Provided information>
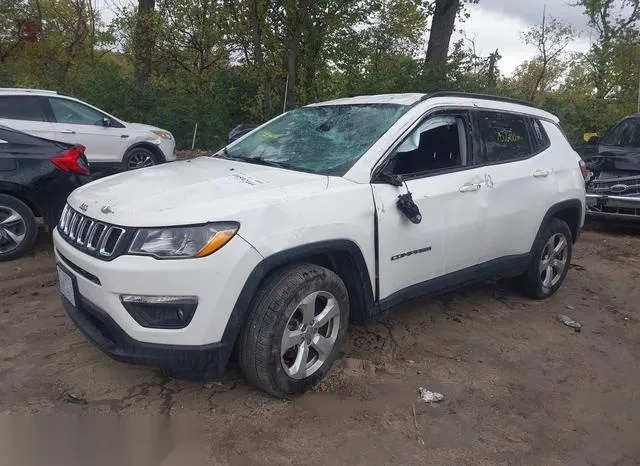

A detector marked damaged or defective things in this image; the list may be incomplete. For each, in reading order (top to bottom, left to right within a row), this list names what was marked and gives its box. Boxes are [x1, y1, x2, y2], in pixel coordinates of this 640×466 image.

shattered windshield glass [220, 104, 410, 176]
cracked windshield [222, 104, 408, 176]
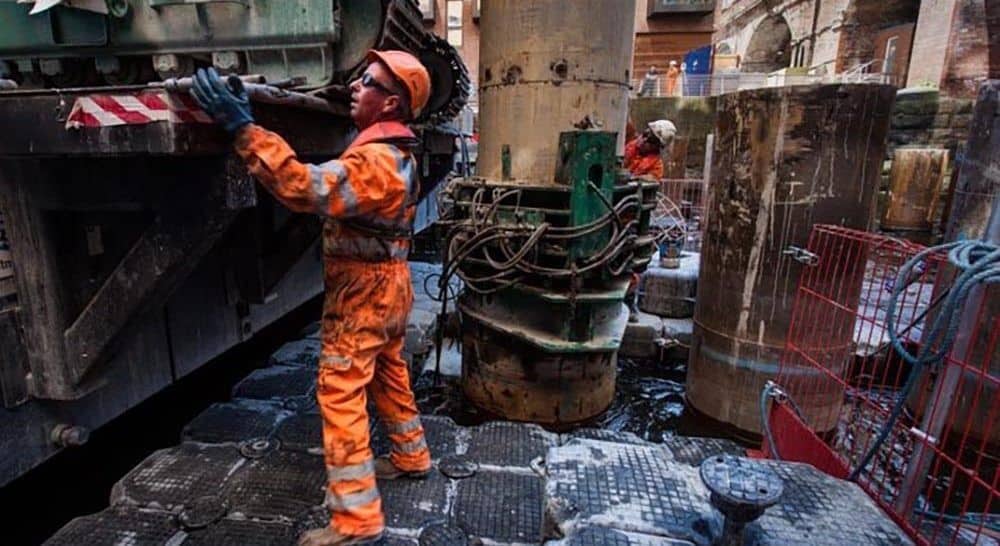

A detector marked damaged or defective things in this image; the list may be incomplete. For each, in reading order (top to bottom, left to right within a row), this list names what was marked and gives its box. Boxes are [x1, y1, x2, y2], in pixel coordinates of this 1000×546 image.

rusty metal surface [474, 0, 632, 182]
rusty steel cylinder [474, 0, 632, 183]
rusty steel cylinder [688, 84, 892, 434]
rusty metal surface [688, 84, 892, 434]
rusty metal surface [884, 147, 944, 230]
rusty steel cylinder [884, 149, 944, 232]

What is needed>
A precise copy of each record, with the images removed, should be output.

Solution for this exercise>
A detector marked damaged or defective things in this image; the list may be incomplete. For each, in reading order (top to bottom, left to right within a row), this list names what was marked and gives its box. Boxes are [x1, y1, x2, y2], in pixel coordinates of this 640×466 image.

shattered windshield glass [220, 104, 410, 176]
cracked windshield [222, 104, 408, 176]

A detector marked damaged or defective things in this image; the list may be incomplete. For each, in reading order (top to bottom, left to right within a row), this list names what was marked and gives its box. Boxes are [x1, y1, x2, y2], in pixel coordinates of this 1000×546 image.

rusty metal surface [474, 0, 632, 182]
rusty steel cylinder [474, 0, 632, 183]
rusty steel cylinder [688, 84, 892, 434]
rusty metal surface [688, 84, 892, 434]
rusty metal surface [884, 147, 944, 230]
rusty steel cylinder [884, 149, 944, 232]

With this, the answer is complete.